Signs of the Times

post by nixtaken · 2020-08-04T07:09:41.553Z · score: -7 (15 votes) · LW · GW · 11 comments

One morning I woke up to see the front page of every newspaper across the world covered with pictures of what looked like a big orange doughnut. What could this represent? I learned that the doughnut picture was rendered by combining images taken from telescopes all around the world.

Petabytes of data had been mailed to one location for analysis and a few groups of PhD students wrote some code to combine and overlay the images. The student responsible for combining all of the work into one image got something that looked like a ‘black hole’ and newspapers and magazines from around the world put it on the front page, even though each individual image in the data set showed no donut, just blur.

The woman behind first black hole image

I thought: PhD student work is great, but it often contains mistakes, so I sure hope her advisor went through her code very carefully.
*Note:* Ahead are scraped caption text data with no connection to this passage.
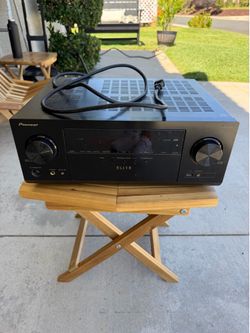 Pioneer Elite VSX-LX104 7.2 Channel Dolby Atmos 4K AV Receiver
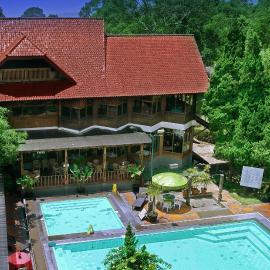 Sari Ater Hotel & Resort, hotel in Ciater
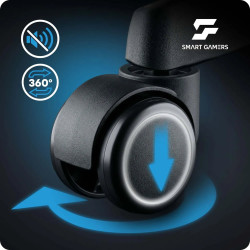 Игровое кресло Sofotel Specter 242900 (Black) Thumb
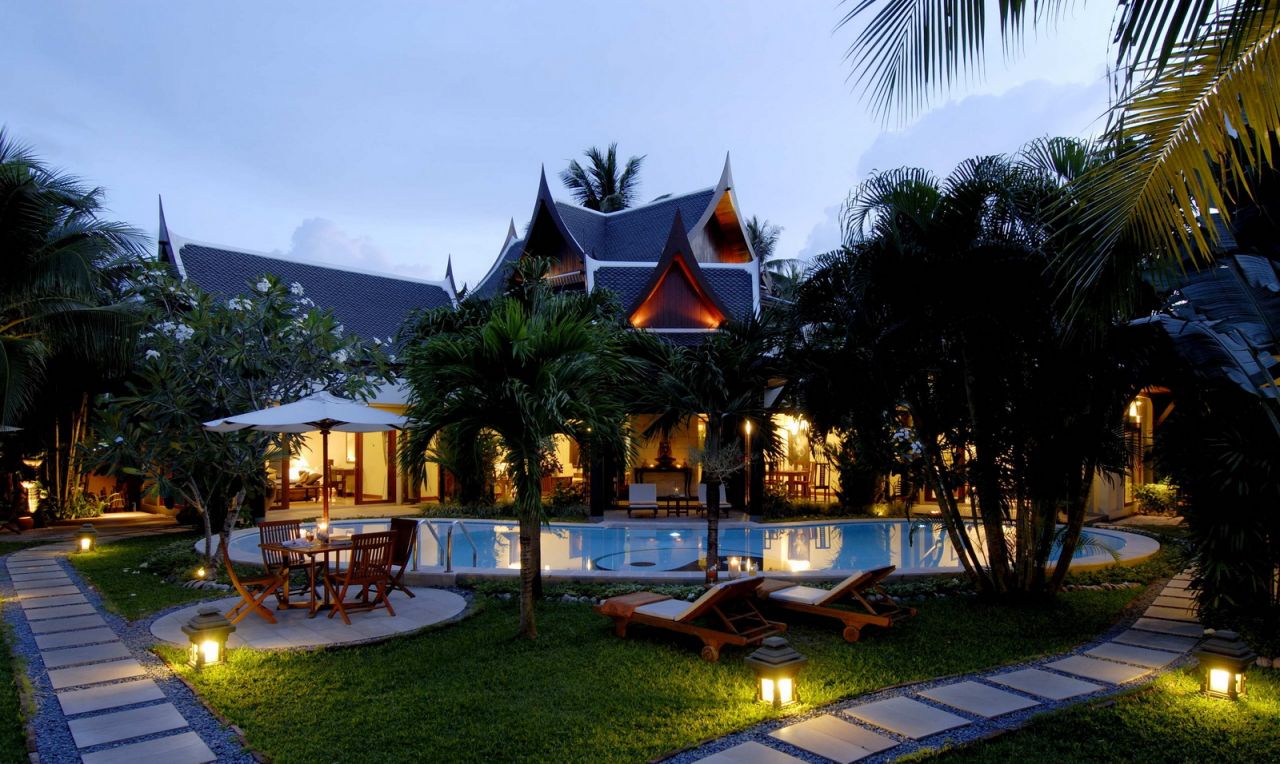 Отель, гостиница на острове Пхукет, Таиланд, 900 м2 - фото 1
If you overlay petabytes of images with individually tuned contrast ratios and construct your algorithm so that the overlay is centered around a region of interest, it is certainly possible to create a black hole in the middle of your region of interest. You’d think that sort of scrutiny is routinely applied to new results, but in the darkened conference rooms in which such data is presented, skepticism is expressed in hushed and veiled terms. Sometimes, nothing stands in the way of an idea marching ahead.

The first article I read had a bit of detail on how the algorithm was developed:

Bouman adopted a clever algebraic solution to this problem: If the measurements from three telescopes are multiplied, the extra delays caused by atmospheric noise cancel each other out. This does mean that each new measurement requires data from three telescopes, not just two, but the increase in precision makes up for the loss of information.
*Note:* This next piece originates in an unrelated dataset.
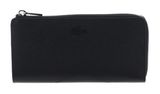 LACOSTE Chantaco Classics Slim Zip Wallet Noir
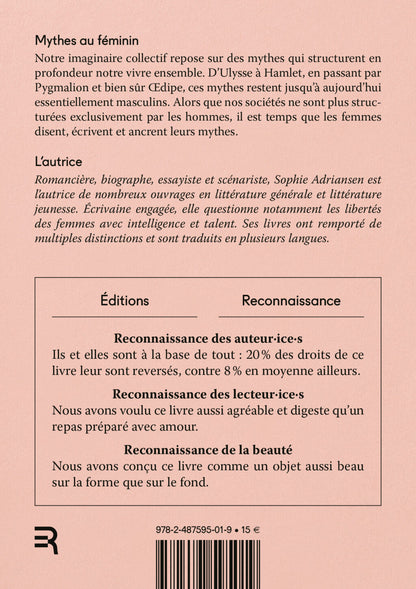 Iseult, Sophie Adriansen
I wanted to see her presentation of her data, but what I found was a TED talk.

The thing that concerned me the most from her TED talk was when she said at 6:40 (I paraphrased):

Some images are less likely than others and it is my job to design an algorithm that gives more weight to the images which are more likely.

as in, she told her algorithm to look for pictures that look like black holes and, lo and behold, her algorithm found black holes by ignoring the data that didn’t look like black holes.

LIGO did something similar in their algorithms, so if they got away with it, why can’t she?

Finally, I found a real, academic presentation from shortly after the media blitz and front page news stories.

It is an hour long and the technical stuff starts about ten minutes in. At 14:40 she talks about the ‘challenge’ of dealing with data that had an ‘error’ of 100%. At 16:00 she talks about how the ‘CLEAN’ algorithm is guided a lot by the user – as in, the user makes the image look how they think it should look. At 19:30, she said, “Most people use this method to do calibration before imaging, but we set it up so that we could do calibration during imaging.” Gaaaah! At 31:40, she shows four images that look the same in the amplitude domain – showing the extent to which this measurement relies on information in the phase domain. An image with a hole or without a hole looks the same in the amplitude domain. At 39:30, she says that the phase data is unusable and the amplitude data is noisy. To me, this sounds like she just contradicted herself.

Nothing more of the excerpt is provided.